According to the court, it is undisputed that the EEOC did not engage in conciliation before filing the lawsuit.
(Note: The commission has filed similar suits alleging illegal severance agreements against CollegeAmerica and an Applebee’s and Panera franchisee. See EEOC Targets Separation Agreements for the full story.)
(Also Note: The U.S. Supreme Court has agreed to decide whether employers can challenge the EEOC’s pre-litigation tactics. See Supreme Court Will Review EEOC’s Enforcement Tactics for the full story.)
While Title VII grants EEOC the authority to investigate and act on a charge of a pattern or practice of discrimination, it must engage in conciliation before filing suit, the appeals court held.
EEOC argued that the statute’s conciliation mandate only applies to individual charges — not pattern or practice suits.
The court, however, was not persuaded.

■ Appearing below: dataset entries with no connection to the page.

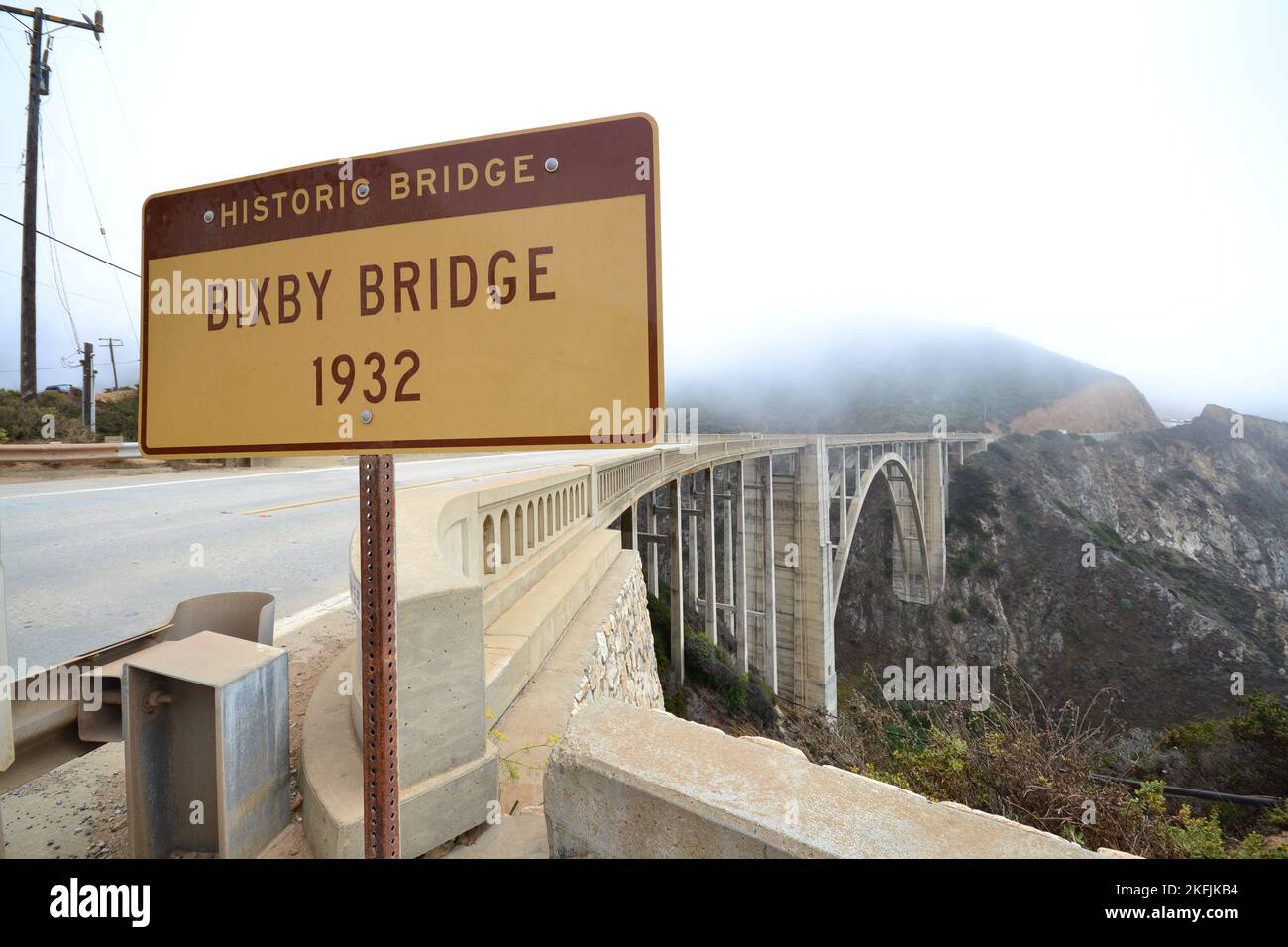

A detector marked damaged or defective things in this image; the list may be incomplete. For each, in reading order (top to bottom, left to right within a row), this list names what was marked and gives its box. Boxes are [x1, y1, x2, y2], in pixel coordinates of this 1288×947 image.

rusted sign bracket [357, 454, 396, 860]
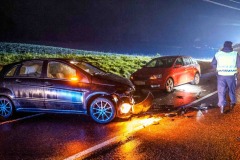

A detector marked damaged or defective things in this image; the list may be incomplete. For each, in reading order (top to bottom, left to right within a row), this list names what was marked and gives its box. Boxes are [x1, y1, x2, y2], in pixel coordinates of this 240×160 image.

damaged red car [0, 58, 152, 124]
damaged red car [130, 55, 202, 92]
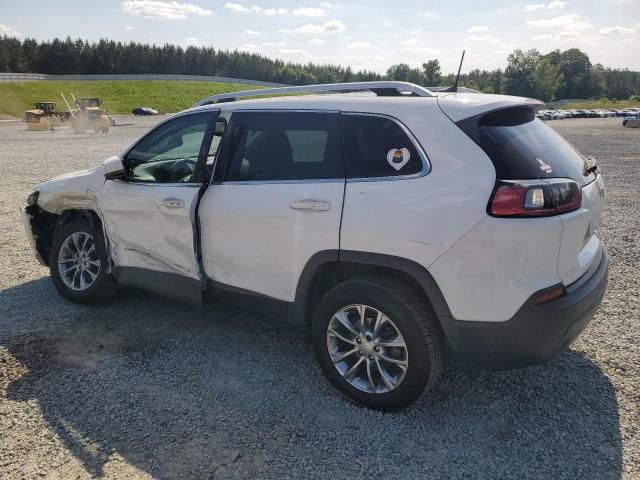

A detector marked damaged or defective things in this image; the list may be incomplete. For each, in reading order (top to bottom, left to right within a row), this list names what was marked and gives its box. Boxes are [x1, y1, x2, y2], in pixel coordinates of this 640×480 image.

damaged white suv [21, 81, 608, 408]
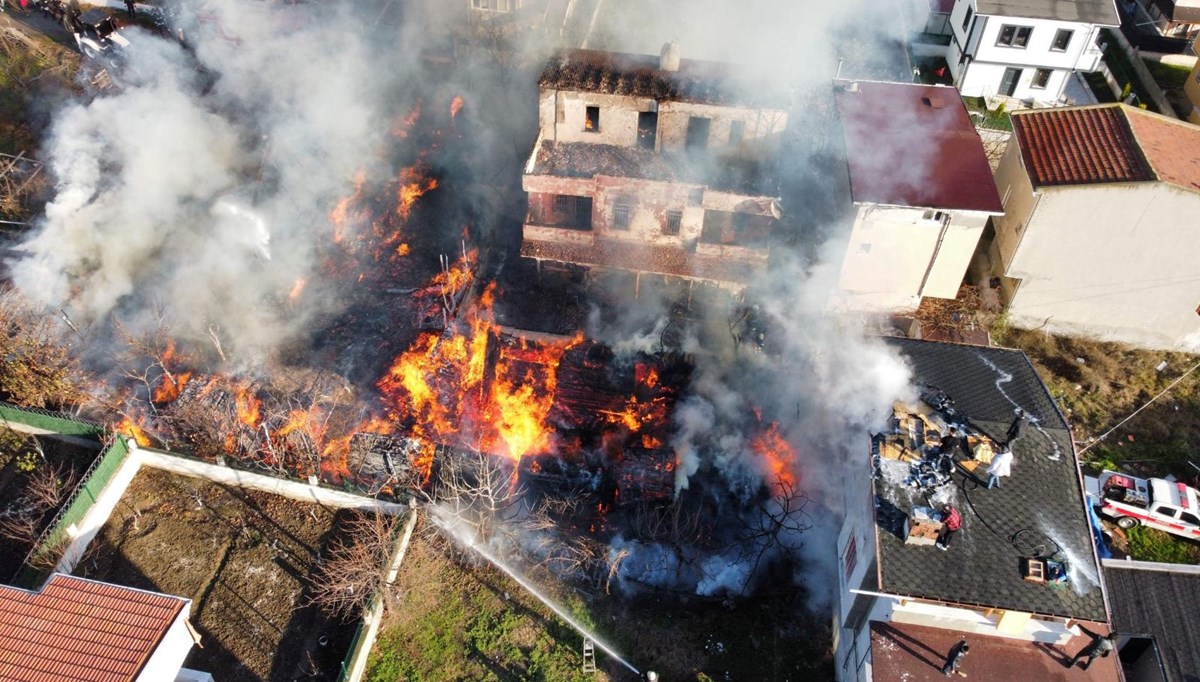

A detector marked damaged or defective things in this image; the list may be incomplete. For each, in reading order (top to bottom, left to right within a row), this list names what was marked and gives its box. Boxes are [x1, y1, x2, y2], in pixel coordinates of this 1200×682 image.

burnt-out stone building [518, 42, 787, 292]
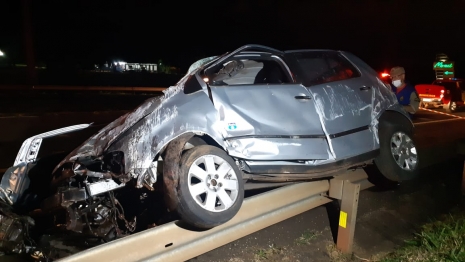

The section authorizing pattern or practice claims states that “[a]ll such actions shall be conducted in accordance with the procedures set forth in section 2000e-5of this title [section 706].” Section 706 grants EEOC authority to pursue individual claims but requires it to first endeavor to eliminate alleged unlawful conduct by informal methods of conference, conciliation and persuasion.
Moreover, the EEOC cites to no case law distinguishing its litigation of individual claims from pattern or practice claims, the court said.
In addition, the EEOC’s own regulations require the agency to use informal methods of eliminating an unlawful employment practice where it has reasonable cause to believe that such a practice has occurred or is occurring, the court said. “As such, EEOC was required to follow the procedures in 706, including conciliation,” it concluded (EEOC v. CVS Pharmacy, No. 14-cv-00863 (N.D. Ill. Oct. 7, 2014)).